* What the exercise asks *
Line for line, return the data exactly, omitting all pictures.

* Collected material *
....

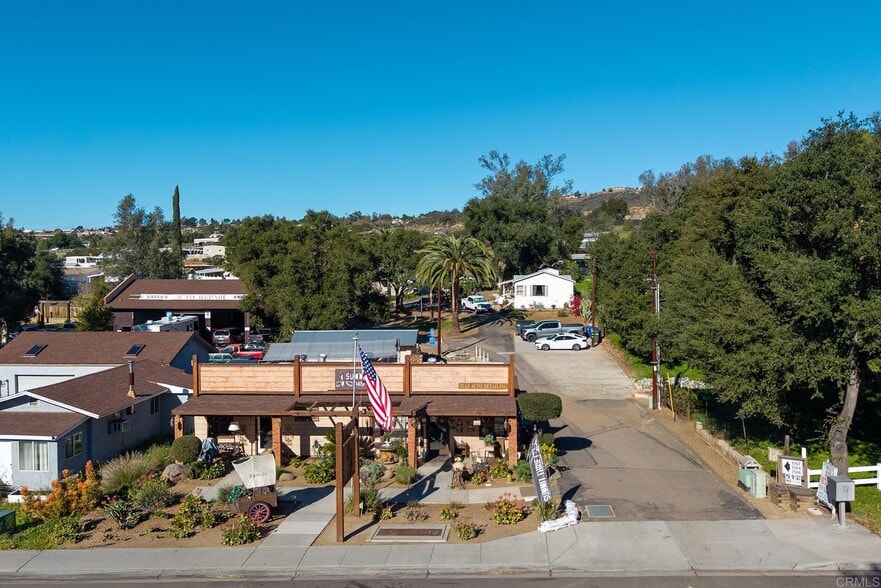 2562 Alpine Blvd, Alpine, CA à vendre - Photo principale – Image 1 sur 122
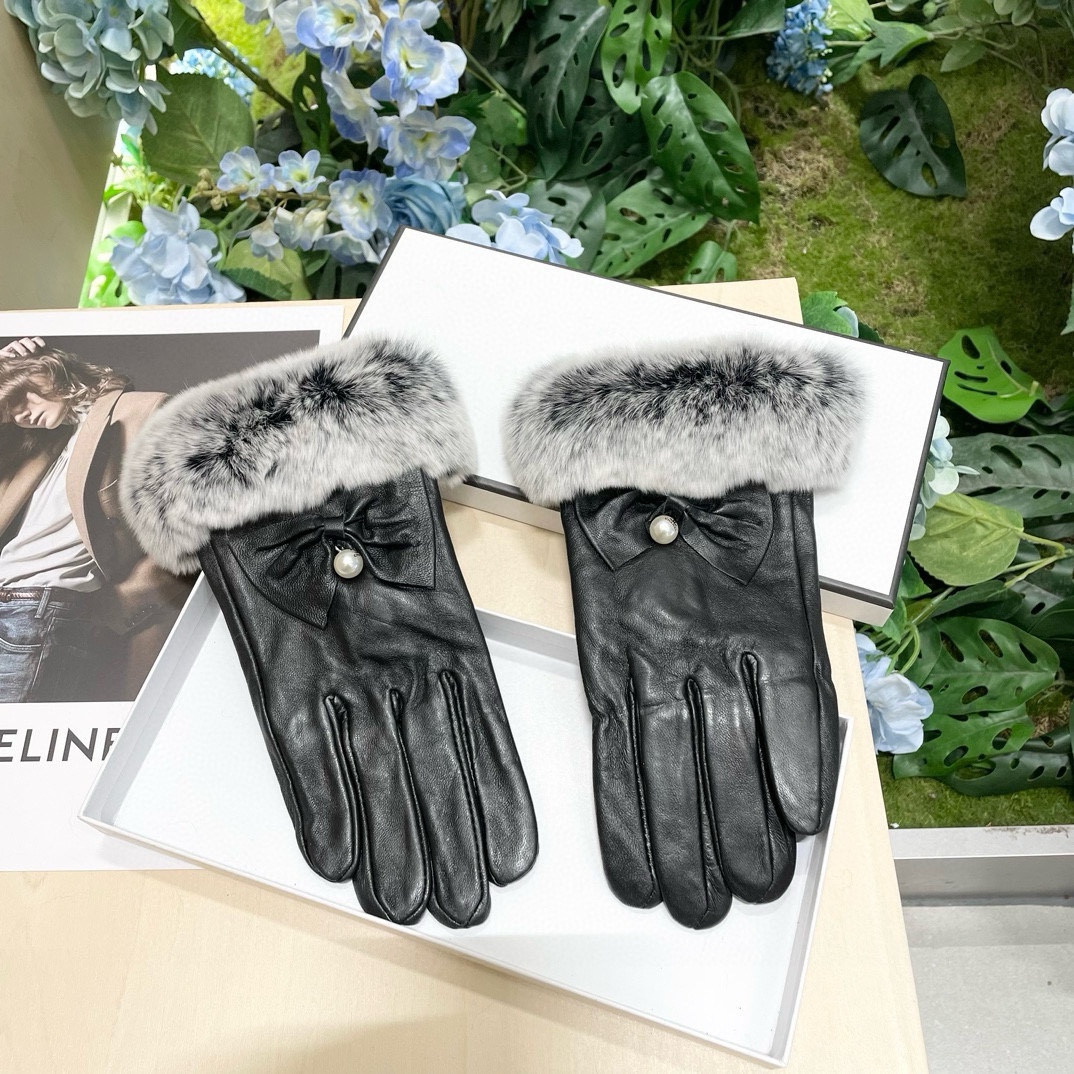 [TOP] CHANEL Gloves with Fur - Black
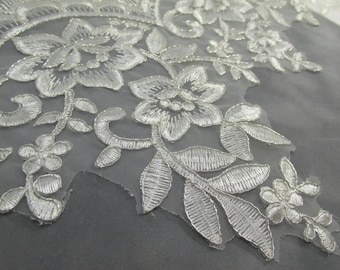 Off White Platinum Bridal Floral pattern Lace in Cascading Alternating Lengths 5 inches to 8 inches wide by the yard
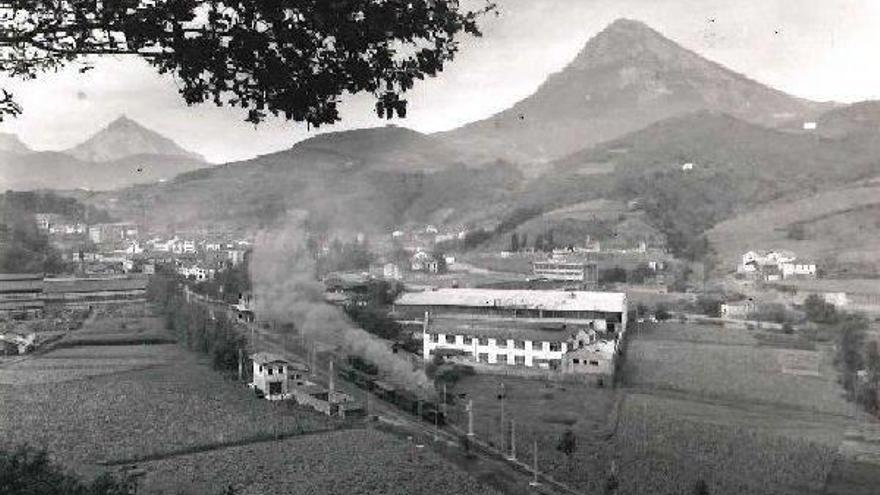 El ferrocarril Vasco-Navarro a su paso por Arrasate, en una imagen tomada antes de la Guerra Civil.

....

* Written answer *
 2562 Alpine Blvd, Alpine, CA à vendre - Photo principale – Image 1 sur 122
 [TOP] CHANEL Gloves with Fur - Black
 Off White Platinum Bridal Floral pattern Lace in Cascading Alternating Lengths 5 inches to 8 inches wide by the yard
 El ferrocarril Vasco-Navarro a su paso por Arrasate, en una imagen tomada antes de la Guerra Civil.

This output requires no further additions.